:: How to complete this task ::
Quote, word for word, the line containing "Women's V-neck Short-sleeved" and all lines that follow it to the end of the records, with no pictures.

:: Crawled caption data ::
_ _ _ _ _ _ _

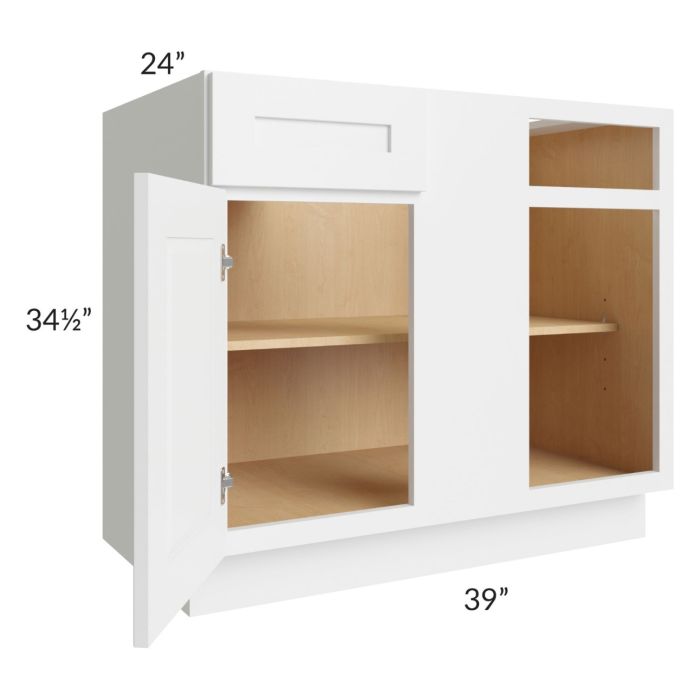 Brighton White Shaker 42" Blind Base Cabinet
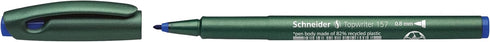 Schneider Topwriter 157 Fiber Tip Pen, 0.8 mm, Green Barrel, Box of 10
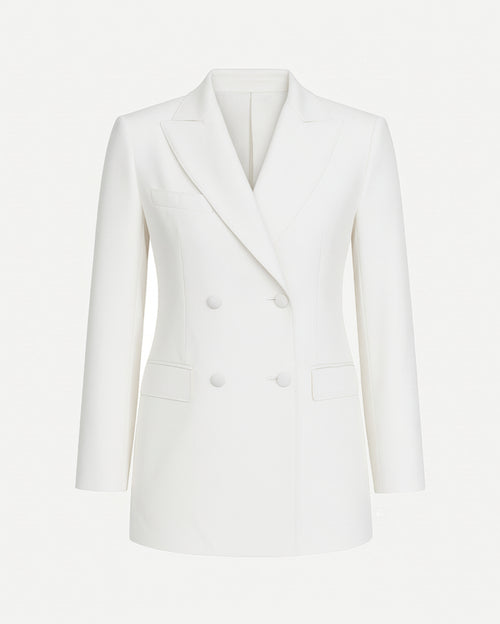 Tailory white peak lapel double-breasted blazer front view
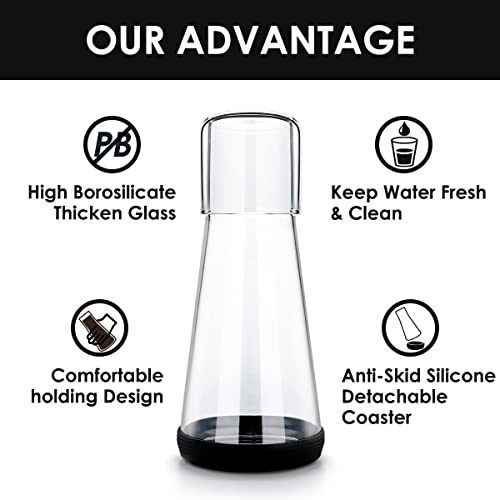 Quyimy Bedside Water Carafe with Glass,Water Carafe Set including Tumbler Glass for Nightstand Bedroom Bath,Night Clear Carafe with Cup & Black Silicone Coaster for Mouthwash,Water,Juice,(30 oz/850ml) - Image 3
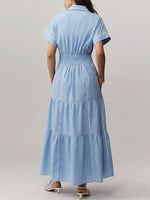 Women's V-neck Short-sleeved Casual Loose Cotton And Linen Dress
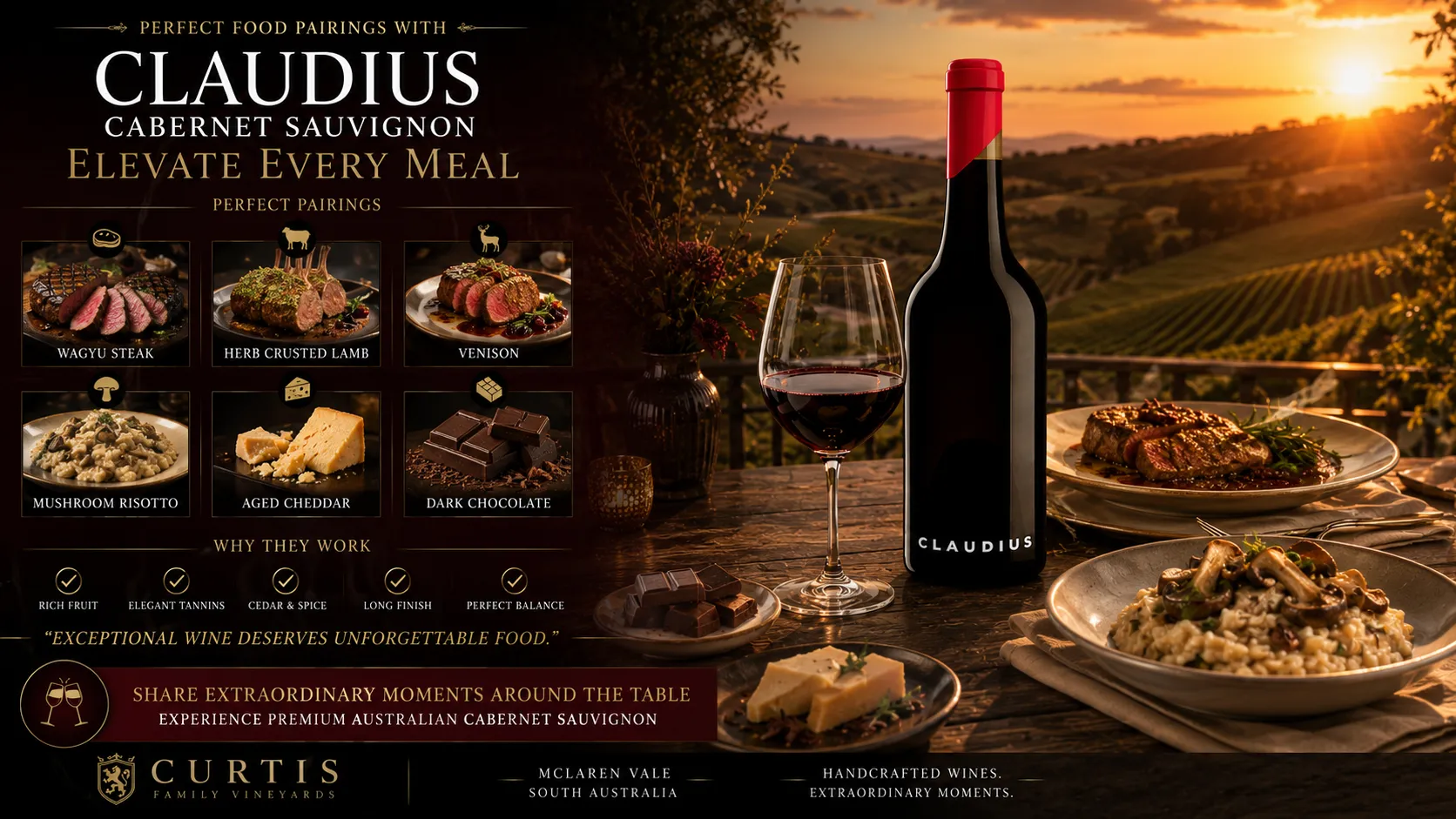 Best Food Pairings with Claudius Cabernet Sauvignon Wine in McLaren Vale, South Australia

_ _ _ _ _ _ _

:: The completed task ::
 Women's V-neck Short-sleeved Casual Loose Cotton And Linen Dress
 Best Food Pairings with Claudius Cabernet Sauvignon Wine in McLaren Vale, South Australia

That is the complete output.